### WORK REQUEST
Beginning at the line that contains "Used 2021 Nissan Rogue Sport SV image 3", reproduce the entries below exactly, ending with the line that contains "Lynette Bernay (a". Omit each picture.

### DATA FOR THIS TASK
::::
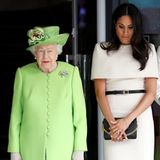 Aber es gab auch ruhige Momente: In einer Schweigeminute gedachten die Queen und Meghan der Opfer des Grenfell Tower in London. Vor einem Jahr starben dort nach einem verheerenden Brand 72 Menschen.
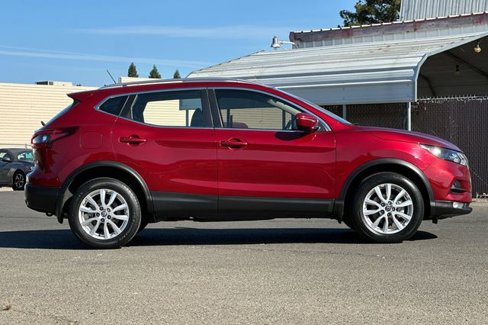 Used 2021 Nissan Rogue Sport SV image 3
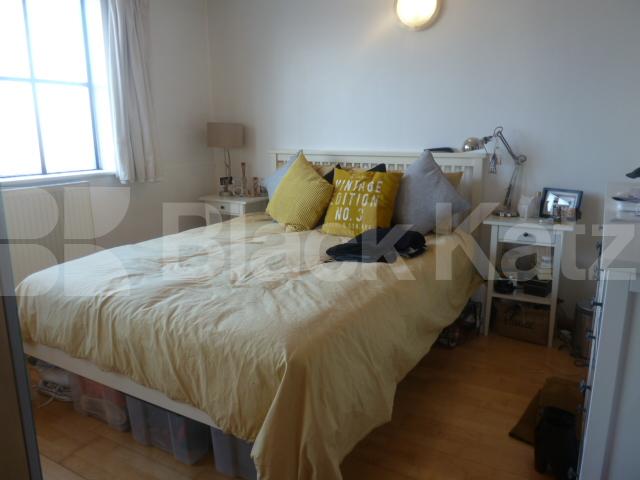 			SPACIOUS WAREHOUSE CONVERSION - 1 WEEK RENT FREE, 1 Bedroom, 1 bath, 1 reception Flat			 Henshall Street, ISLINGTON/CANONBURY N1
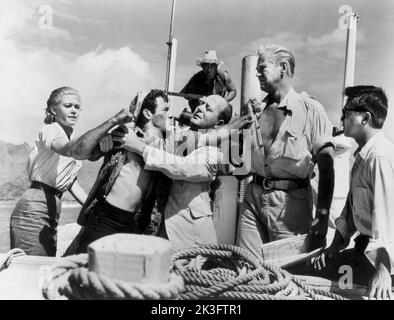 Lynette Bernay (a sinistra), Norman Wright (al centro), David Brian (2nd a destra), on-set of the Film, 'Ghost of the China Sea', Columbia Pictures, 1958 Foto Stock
::::
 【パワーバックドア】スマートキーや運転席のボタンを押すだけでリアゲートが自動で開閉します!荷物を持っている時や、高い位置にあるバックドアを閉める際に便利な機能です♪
::::
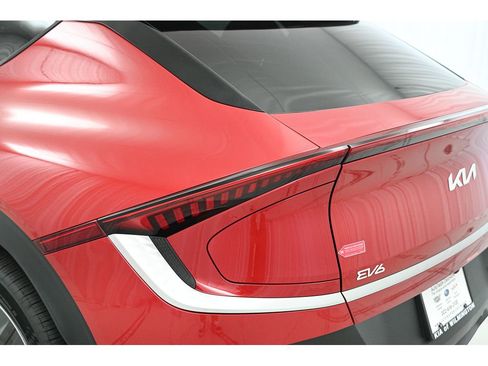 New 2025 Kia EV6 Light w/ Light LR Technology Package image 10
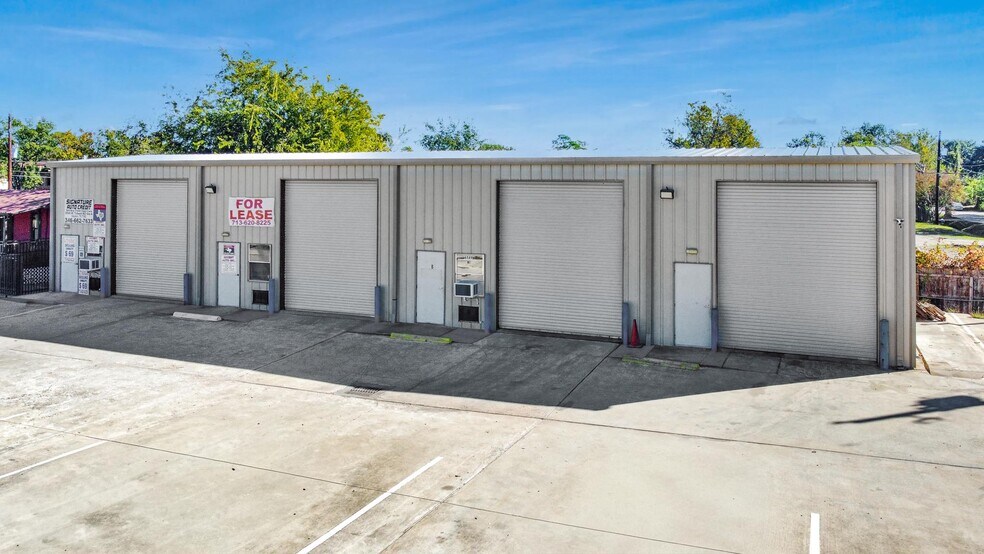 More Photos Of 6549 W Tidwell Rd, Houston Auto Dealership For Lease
::::
### RESULT OF THIS EXERCISE
 Used 2021 Nissan Rogue Sport SV image 3
 			SPACIOUS WAREHOUSE CONVERSION - 1 WEEK RENT FREE, 1 Bedroom, 1 bath, 1 reception Flat			 Henshall Street, ISLINGTON/CANONBURY N1
 Lynette Bernay (a sinistra), Norman Wright (al centro), David Brian (2nd a destra), on-set of the Film, 'Ghost of the China Sea', Columbia Pictures, 1958 Foto Stock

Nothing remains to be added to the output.